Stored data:
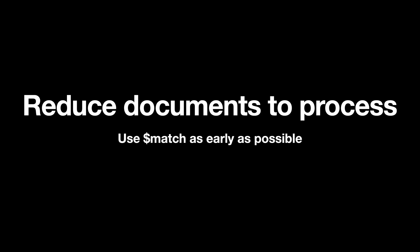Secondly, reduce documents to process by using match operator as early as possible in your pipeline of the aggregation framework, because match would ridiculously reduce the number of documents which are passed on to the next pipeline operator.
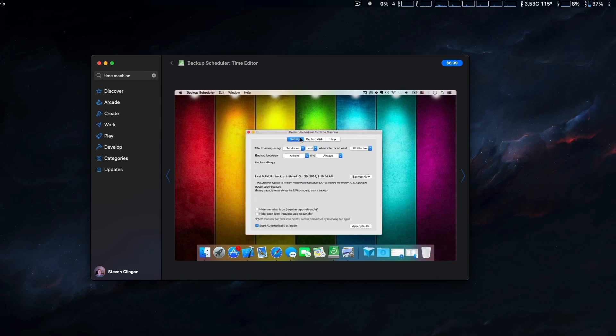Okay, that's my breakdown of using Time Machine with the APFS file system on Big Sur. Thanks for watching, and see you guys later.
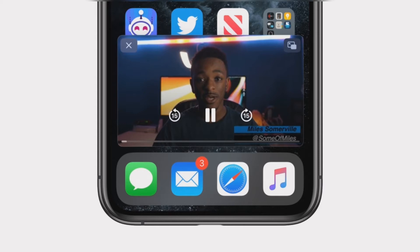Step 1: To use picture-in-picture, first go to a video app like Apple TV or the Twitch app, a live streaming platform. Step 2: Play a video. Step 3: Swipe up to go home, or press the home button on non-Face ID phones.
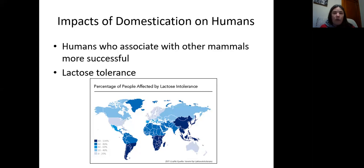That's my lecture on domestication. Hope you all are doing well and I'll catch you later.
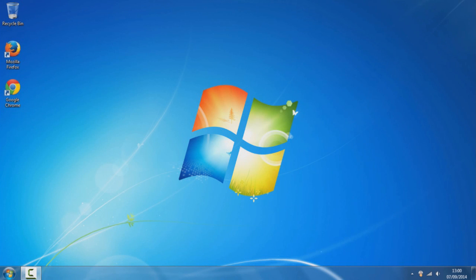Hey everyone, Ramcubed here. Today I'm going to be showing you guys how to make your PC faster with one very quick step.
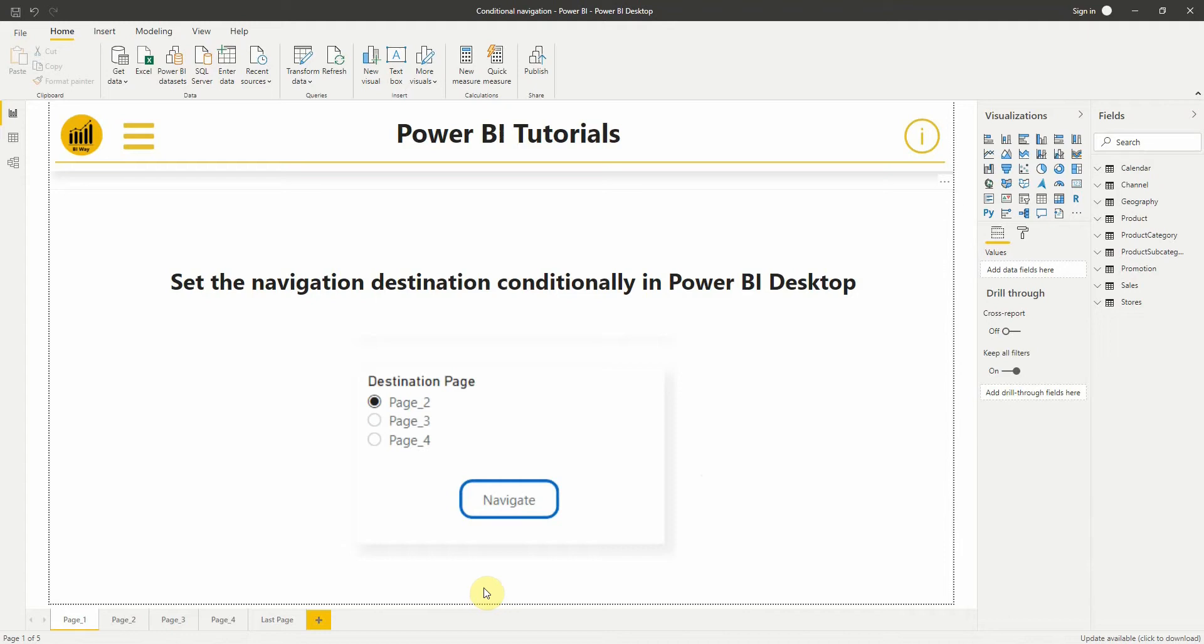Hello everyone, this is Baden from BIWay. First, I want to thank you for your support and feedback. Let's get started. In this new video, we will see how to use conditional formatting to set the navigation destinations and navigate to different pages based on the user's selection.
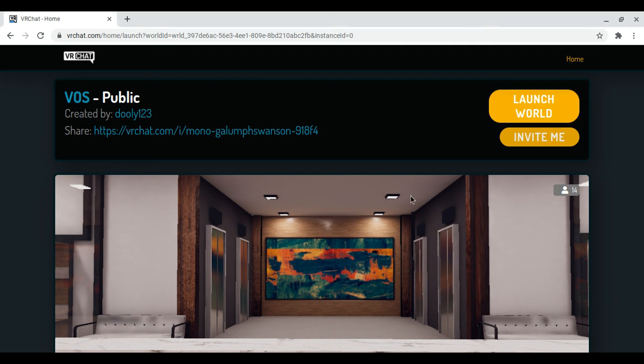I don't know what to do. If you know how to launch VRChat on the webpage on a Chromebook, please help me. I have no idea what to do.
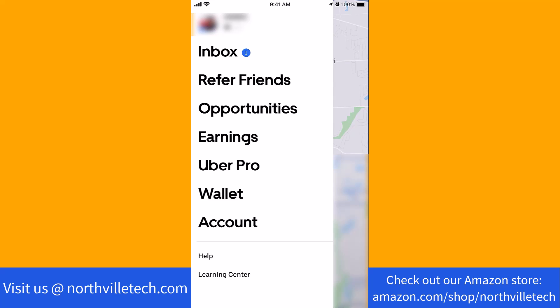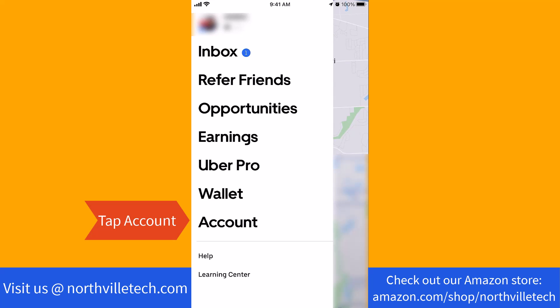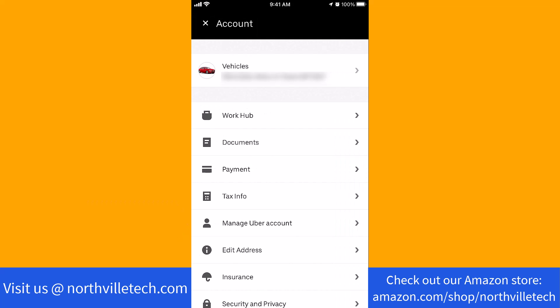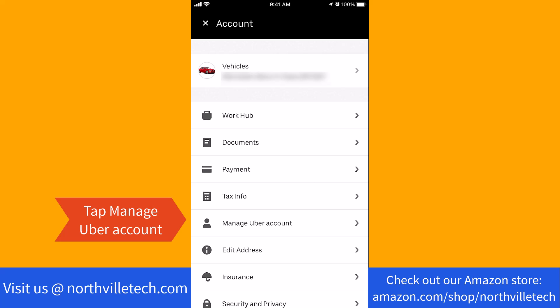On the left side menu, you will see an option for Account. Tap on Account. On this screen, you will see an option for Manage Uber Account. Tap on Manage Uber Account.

PROBLEM REQUIREMENTS: Print, word for word, the lines above that run from the line containing "That's my lecture" to the line containing "Hey everyone, Ramcubed", both included. Keep the pictures out.

REPLY:
That's my lecture on domestication. Hope you all are doing well and I'll catch you later.
Hey everyone, Ramcubed here. Today I'm going to be showing you guys how to make your PC faster with one very quick step.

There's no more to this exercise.